Derrière les grandes déclarations des dirigeants européens se lamentant bien tardivement sur le retour de l'esclavage en Libye se dessinent en réalité d'autres projets pour les migrants qui tentent de fuir vers l'Europe. A Bruxelles, au sein du Conseil européen, un nouveau règlement "instituant une procédure commune en matière de protection internationale" est en discussion. Le texte en question prévoit une disposition qui remettrait en cause le droit d'asile tel qu'il existe dans la convention de Genève.
Il prévoirait notamment de pouvoir déclarer irrecevables les demandes d'asile formulées par des réfugiés à partir du moment où ils ont transité dans "un pays sûr". Ainsi, ils pourraient être reconduits directement dans le "pays tiers sûr" en question.
Quelle est cette notion de "pays sûr"? Jusqu'ici l'espace Schengen, c'est la règle du pays d'arrivée qui prévaut: un réfugié arrivant dans un pays de l'espace Schengen y fait sa demande d'asile. C'est ce pays d'accueil qui l'examine et les réfugiés peuvent ensuite être dispersés dans d'autres pays européens selon les quotas.
Le concept de "pays tiers sûr" est en réalité en train de remettre en cause cet accueil au sein des pays membres de l'Union européenne. Un concept déjà présent dans la directive européenne datant de juin 2013, à la différence que ce règlement ne s'imposait pas aux pays qui ne souhaitaient pas l'appliquer.
L'accord intervenu entre l'Union européenne et la Turquie d'Erdogan, en 2016, a été le premier à instaurer ce principe concrètement. Depuis la Turquie est censée accueillir et retenir les migrants sur son sol, moyennant une rétribution des pays de l'UE (6 milliards d'euros dans les trois ans qui suivaient cet accord).
Avec le changement en gestation dans les tiroirs du Conseil européen d'autres pays hors de l'Union européenne pourraient devenir des "pays tiers sûrs", vers lesquels on renverrait donc les demandeurs d'asile parvenus sur le sol européen. Si certaines zones de Libye, par exemple, se retrouvaient sécurisées ou normalisées au milieu de ce vaste chaos qu'est devenu le pays après la chute du régime de Khadafi, la règle du "pays tiers sûr" pourrait donc s'y appliquer également... malgré les grandes déclarations scandalisées après la révélation du trafic d'esclaves en cours dans certains camps de réfugiés.

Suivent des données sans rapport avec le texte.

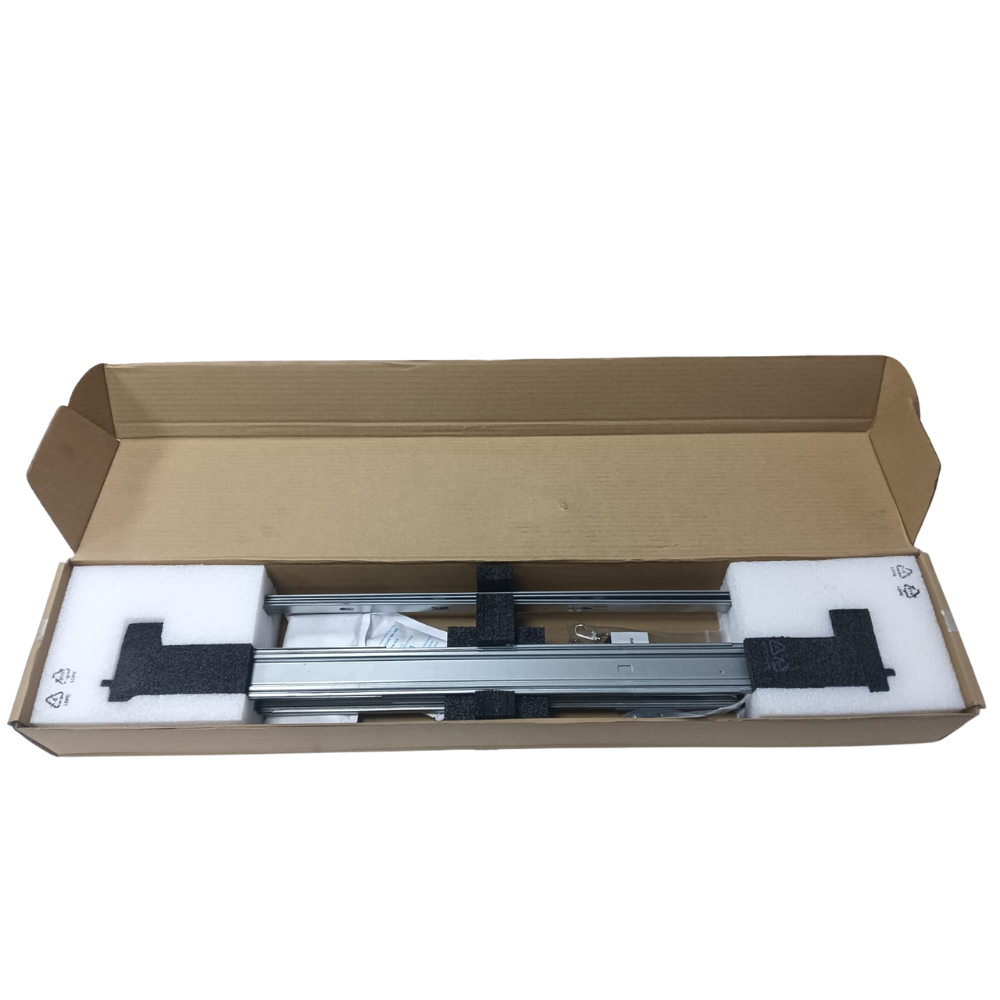 original railkit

En interne, certains pays, comme la France, commencent déjà à se projeter dans ce sens et durcissent davantage les conditions d'examen des demandes d'asile formulées sur leur territoire. La loi française prévoit en effet que, jusqu'ici, un demandeur d'asile relevant de Dublin ne pouvait être placé en centre de rétention avant d'avoir fait l'objet d'une décision d'expulsion vers un pays tiers.
Le 29 novembre, la Commission des lois de l'Assemblée nationale, au moment où Emmanuel Macron faisait sa tournée africaine en dénonçant "le crime contre l'humanité" de l'esclavage en Libye, a adopté un texte permettant le placement en rétention des réfugiés jusqu'à l'examen de leur dossier et l'éventuelle décision d'expulsion vers le "pays tiers", c'est à dire celui par lequel ils sont rentrés sur le territoire de l'UE.
"Nous reconduisons beaucoup trop peu", avait déclaré le président de la République au mois de septembre dernier.
Ces nouvelles mesures législatives françaises sont faites pour répondre à ce souci du gouvernement.
Hypocrisie totale et chasse aux pauvres
L'attitude des gouvernements européens est donc totalement hypocrite. Si ce principe du pays tiers sûr entrait en vigueur, il leur permettrait de "relocaliser" les migrants hors du sol européen. A travers ces manœuvres, que dissimule mal l'indignation affichée par les dirigeants européens, se cache la véritable conception de l'Europe à l'oeuvre: celle d'une forteresse qui se ferme aux migrants venus de pays dont notre continent a pourtant sa propre responsabilité dans leur état de pauvreté. La réponse des chefs d'Etat européens, en durcissant le régime de l'asile et en repoussant hors des frontières de l'UE des milliers de personnes en détresse, s'apparente à une chasse aux pauvres.
Diego Chauvet, dossier L'Humanité Dimanche (du 7 au 13 décembre) - "Réfugiés, les damnés de l'Europe néocoloniale".